But remember this is all secondary coverage. To get it you have to get denied by your insurance company which means 2 things:

Tell the truth about what you were doing at the time and risk getting denied and dropped from your insurance company.

Or

Commit insurance fraud by hiding the fact you were doing commercial work with your vehicle.

Here is what CA insurance commissioner recently recommended the PUC change in the insurance area:

http://www.insurancejournal.com/news/west/2014/04/09/325918.htm


----------



## Sydney Uber (Apr 15, 2014)

Walkersm said:


> This graphic explains it pretty well:
> http://blog.uber.com/uberXridesharinginsurance
> 
> If customer is in the car you car is covered, If your fault 1,000.00 deductible. If your insurance denies coverage.
> ...


Thanks Walkersm! I read both the linked articles, and so typical of the regulatory and industry bodies, they are stumbling over what should be necessary and what policy needs to be asserted. It's crazy that Taxpayers around the world actually feed such useless public servants.

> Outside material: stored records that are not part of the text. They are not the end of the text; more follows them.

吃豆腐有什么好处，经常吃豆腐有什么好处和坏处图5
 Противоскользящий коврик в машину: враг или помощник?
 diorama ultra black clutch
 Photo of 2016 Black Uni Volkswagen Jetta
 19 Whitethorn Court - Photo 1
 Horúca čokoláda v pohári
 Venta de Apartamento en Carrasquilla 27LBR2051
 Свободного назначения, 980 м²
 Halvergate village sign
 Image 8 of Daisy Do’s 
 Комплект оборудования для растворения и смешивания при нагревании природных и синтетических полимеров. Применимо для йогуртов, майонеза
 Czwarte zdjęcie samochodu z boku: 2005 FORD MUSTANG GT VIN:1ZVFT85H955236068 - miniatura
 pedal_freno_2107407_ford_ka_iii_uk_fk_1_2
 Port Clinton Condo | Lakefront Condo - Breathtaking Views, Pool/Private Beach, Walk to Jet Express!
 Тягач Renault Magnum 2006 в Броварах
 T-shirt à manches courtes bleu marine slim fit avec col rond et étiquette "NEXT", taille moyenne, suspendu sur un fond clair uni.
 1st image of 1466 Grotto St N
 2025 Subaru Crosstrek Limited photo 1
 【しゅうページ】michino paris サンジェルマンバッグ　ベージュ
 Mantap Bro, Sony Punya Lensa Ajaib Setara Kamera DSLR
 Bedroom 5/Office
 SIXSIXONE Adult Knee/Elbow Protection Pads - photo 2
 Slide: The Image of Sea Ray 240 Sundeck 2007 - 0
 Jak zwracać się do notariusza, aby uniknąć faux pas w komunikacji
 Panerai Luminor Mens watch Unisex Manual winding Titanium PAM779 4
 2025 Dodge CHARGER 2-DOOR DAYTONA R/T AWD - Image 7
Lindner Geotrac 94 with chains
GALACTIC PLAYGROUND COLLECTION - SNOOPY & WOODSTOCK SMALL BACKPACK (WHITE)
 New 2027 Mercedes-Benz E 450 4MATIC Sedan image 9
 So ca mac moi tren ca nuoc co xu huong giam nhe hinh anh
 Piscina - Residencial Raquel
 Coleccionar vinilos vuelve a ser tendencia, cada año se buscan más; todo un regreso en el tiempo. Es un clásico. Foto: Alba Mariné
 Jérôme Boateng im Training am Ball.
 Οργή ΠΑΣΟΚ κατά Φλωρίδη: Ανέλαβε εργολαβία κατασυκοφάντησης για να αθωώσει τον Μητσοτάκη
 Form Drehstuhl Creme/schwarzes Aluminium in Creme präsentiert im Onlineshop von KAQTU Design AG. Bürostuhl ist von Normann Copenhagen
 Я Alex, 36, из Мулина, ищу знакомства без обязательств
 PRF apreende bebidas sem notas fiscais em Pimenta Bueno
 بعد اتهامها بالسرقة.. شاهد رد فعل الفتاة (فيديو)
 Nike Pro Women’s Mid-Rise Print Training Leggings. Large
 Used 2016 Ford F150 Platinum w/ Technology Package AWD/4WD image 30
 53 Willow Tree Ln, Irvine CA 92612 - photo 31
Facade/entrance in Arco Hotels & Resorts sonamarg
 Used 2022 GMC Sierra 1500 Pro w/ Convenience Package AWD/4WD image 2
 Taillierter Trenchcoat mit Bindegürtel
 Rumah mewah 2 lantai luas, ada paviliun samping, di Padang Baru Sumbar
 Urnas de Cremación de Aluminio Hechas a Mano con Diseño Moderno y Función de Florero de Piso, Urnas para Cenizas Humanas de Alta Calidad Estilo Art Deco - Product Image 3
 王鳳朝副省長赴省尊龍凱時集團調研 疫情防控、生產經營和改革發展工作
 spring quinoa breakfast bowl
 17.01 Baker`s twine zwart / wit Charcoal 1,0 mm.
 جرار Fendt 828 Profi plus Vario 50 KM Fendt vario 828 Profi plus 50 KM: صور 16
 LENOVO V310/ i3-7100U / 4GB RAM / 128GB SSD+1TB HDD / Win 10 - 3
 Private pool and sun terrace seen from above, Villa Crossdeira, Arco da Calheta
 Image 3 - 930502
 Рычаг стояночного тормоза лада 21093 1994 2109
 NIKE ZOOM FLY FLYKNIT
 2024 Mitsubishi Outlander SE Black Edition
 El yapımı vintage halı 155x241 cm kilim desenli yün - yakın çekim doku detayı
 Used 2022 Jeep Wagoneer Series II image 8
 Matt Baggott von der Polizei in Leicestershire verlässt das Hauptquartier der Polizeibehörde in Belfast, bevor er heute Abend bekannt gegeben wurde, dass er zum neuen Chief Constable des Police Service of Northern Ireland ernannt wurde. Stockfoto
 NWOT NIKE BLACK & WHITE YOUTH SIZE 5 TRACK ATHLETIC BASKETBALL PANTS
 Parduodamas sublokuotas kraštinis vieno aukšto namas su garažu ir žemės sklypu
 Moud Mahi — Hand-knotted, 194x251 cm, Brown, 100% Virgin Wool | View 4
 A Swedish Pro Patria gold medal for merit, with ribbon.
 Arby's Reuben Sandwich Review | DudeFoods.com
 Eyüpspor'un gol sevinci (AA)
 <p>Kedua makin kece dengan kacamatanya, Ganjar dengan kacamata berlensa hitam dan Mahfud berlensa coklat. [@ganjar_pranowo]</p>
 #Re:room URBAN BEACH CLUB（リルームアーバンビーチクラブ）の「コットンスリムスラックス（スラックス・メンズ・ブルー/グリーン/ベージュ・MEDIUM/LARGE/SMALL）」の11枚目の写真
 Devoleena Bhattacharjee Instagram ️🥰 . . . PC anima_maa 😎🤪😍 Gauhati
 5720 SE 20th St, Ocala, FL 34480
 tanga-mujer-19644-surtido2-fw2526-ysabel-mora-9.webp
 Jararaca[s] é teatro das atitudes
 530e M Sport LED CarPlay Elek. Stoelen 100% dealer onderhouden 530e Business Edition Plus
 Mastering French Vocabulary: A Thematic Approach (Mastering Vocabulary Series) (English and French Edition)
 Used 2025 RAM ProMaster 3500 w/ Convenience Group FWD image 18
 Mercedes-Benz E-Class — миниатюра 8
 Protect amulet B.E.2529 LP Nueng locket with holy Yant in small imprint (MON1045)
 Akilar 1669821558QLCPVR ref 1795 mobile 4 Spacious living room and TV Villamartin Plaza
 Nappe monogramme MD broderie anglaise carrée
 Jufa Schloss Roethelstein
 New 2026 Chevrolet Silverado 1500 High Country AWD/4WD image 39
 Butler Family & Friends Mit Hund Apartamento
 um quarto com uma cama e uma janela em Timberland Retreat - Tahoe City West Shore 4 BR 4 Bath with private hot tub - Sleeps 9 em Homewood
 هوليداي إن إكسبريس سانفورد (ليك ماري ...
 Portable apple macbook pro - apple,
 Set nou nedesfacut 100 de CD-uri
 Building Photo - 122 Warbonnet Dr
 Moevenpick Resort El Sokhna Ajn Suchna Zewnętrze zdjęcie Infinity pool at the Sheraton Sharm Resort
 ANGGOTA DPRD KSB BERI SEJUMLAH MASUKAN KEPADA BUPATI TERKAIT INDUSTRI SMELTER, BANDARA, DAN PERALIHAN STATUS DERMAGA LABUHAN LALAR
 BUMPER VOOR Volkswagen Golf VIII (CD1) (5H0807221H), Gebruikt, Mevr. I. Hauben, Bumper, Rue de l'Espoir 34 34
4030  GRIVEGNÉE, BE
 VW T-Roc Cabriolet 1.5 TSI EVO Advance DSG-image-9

UBER really are waiting for "the powers that be" to make up their minds and catch-up. If UBER is willing to organise commercial cover without the real obligation to do so (remember they ARE NOT a transportation company - they don't operate the cars) then that is a positive move and shows their willingness to sort the mess out.

I just hope that once an insurance underwriter finally develops a product to cover UBERX drivers and cars at ALL times, then riders are asked to share the extra cost with a minimum fare increase. Our insurance in Sydney for UBER Black cars costs a bomb.

My guess having owner drivers in UBERX would ultimately prove to be a much lower risk profile than Cabs, which should encourage insurance companies to come forward and actually compete for UBERX and provide reasonable rates.

But don't hold your breath, Insurance companies are mainly manned by public servants that have lost their jobs!


----------



## worleeg (Apr 12, 2014)

Here in Illinois, the regulators state that insurance is unacceptable and they have to have a commercial insurance policy like the taxi.


----------



## Wyatt (Apr 17, 2014)

Insurance companies are the biggest gangsters in the world.
"Give me money or something bad happens to you"


----------



## LookyLou (Apr 28, 2014)

I just received this email from Sidecar regarding their new collision coverage for drivers. Looks like the insurance issues are moving in the right direction albeit slowly.

" Hi Drivers,

Here at Sidecar, the safety of our drivers and riders is paramount. We know it's top of mind for you too. Over the last few months, we've been working with our insurance carriers to offer the single most comprehensive insurance coverage for peer-to-peer transportation.

Today, we are pleased to announce that we will offer all of our drivers' additional insurance coverage up and above our $1 million commercial excess liability policy.*Under this new policy, damage to a Sidecar driver's car while on an active ride will be covered up to $50,000 with a driver deductible of $500 per occurrence.*

Sidecar's coverage is secondary to any other insurance policies held by the driver, and will kick in after all coverages from other insurance policies have been fully exhausted.

This new policy will join the many existing features currently in place to maintain the safety and security of drivers and riders. These include:

Comprehensive background checks conducted by a third party
GPS tracking of rides beginning to end
Electronic record of every ride
$1 million excess commercial liability insurance per incident
$50,000 collision insurance coverage per incident
Zero tolerance drug and alcohol policy
A cashless experience - you pay with the app
Live customer support available at a tap of a button
Even with all these safety precautions in place, accidents can still happen. Keeping our drivers protected in the event of an accident is something we take very seriously. It was important to us that we, as a company, offer a collision policy with the lowest deductible in the industry.

Safety is our #1 priority at Sidecar. We will be continually working with insurers to offer additional insurance solutions in the coming months that will make Sidecar the gold standard for trust and safety in peer-to-peer transportation.

Ride on, 
Beth Stevens, General Counsel "


----------



## worleeg (Apr 12, 2014)

This is unacceptable in Chicago. The regs require that rideshare companies policies are primary


----------



## blair (Apr 10, 2014)

Sounds like with Uber there is a gap if you are online, but wreck your car. If somehow your insurance company finds out you have been working for Uber they probably wont coveryour collision policy. Lets say you have a $25k prius, My guess is insurance companies are getting keen on investigating you for possible rideshare activity to not pay your $25k bill to a toyota finance.


----------



## franklin (Apr 21, 2014)

MN issued a consumer notice. An intersting point is this. " ...prior to becoming a driver, check with your agent,broker, or company to ensure your personal coverage would remain if you decided to drive for a TNC"

http://www.scribd.com/doc/221441445/TNC-advisory


----------



## Russell (Sep 6, 2014)

In Australia it is not lawful to have 2 active policies on one vehicle. NO insurer will allow the Uber stunt. You lie and get caught it is fraud. Insurance companies have all been placed on alert about this Uber phenomenon which is just despicable.

SIMPLE - pay the plate fees - pay the licence fees - pay your drivers more accordingly - be properly insured and care about your driving force as well as your customers.

Corporates who knowingly allow their staff to use the illegal discounted ride services are vicariously liable for sure and I just don;t get how Uber think they have the right to screw over everyone to make their $billions... wise up X people... get a licence legally - get more money - Uber does you NO FAVOURS at all...


----------